= Exercise requirements =
Given the records underneath, please repeat exactly the lines from the line with "Get your free" through the line with "The syntax is pretty", passing over any picture.

= Source material =
++++++++++

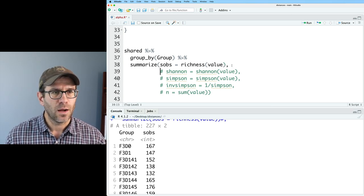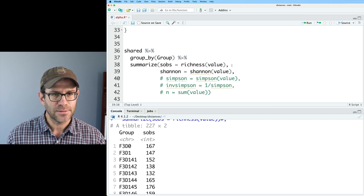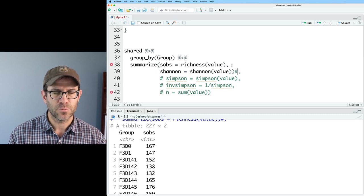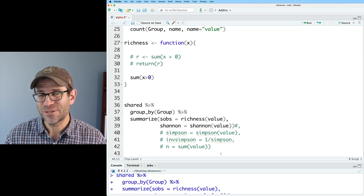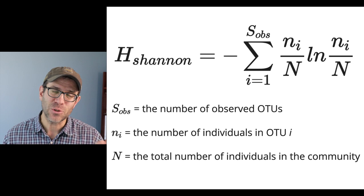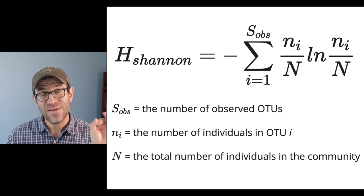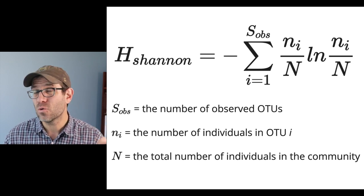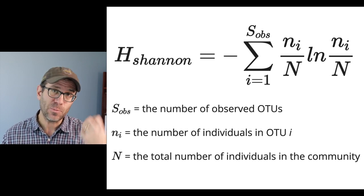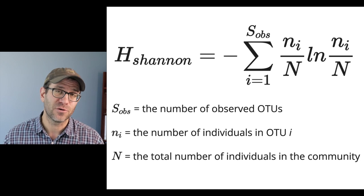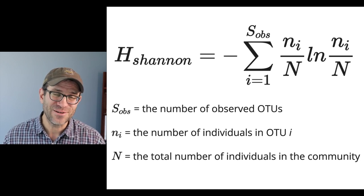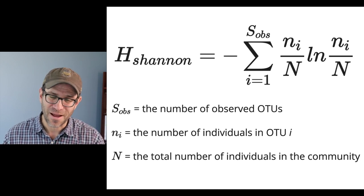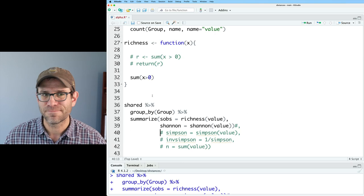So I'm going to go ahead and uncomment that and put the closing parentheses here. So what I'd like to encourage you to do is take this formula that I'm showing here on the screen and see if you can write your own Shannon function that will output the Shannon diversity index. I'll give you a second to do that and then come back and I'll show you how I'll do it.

++++++++++

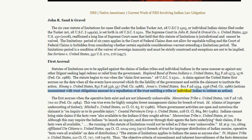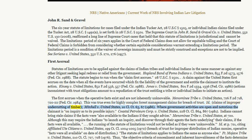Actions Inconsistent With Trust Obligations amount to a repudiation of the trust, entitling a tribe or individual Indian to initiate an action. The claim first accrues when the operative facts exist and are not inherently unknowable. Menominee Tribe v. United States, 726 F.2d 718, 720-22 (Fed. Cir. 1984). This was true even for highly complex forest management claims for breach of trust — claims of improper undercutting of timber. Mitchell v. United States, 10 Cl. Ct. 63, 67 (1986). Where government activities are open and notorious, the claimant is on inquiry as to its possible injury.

++++++++++

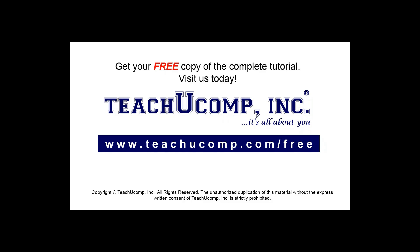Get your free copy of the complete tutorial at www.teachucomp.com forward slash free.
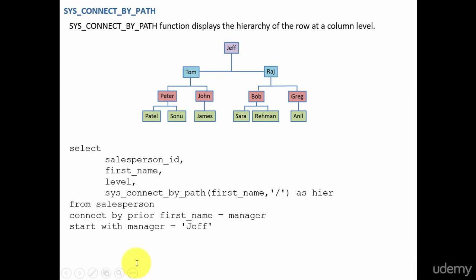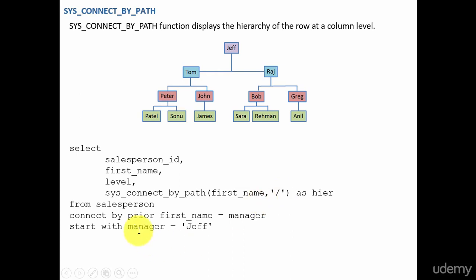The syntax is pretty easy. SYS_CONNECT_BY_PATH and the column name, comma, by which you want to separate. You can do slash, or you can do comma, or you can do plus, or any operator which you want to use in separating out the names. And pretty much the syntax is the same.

++++++++++

= Response box =
Get your free copy of the complete tutorial at www.teachucomp.com forward slash free.
The syntax is pretty easy. SYS_CONNECT_BY_PATH and the column name, comma, by which you want to separate. You can do slash, or you can do comma, or you can do plus, or any operator which you want to use in separating out the names. And pretty much the syntax is the same.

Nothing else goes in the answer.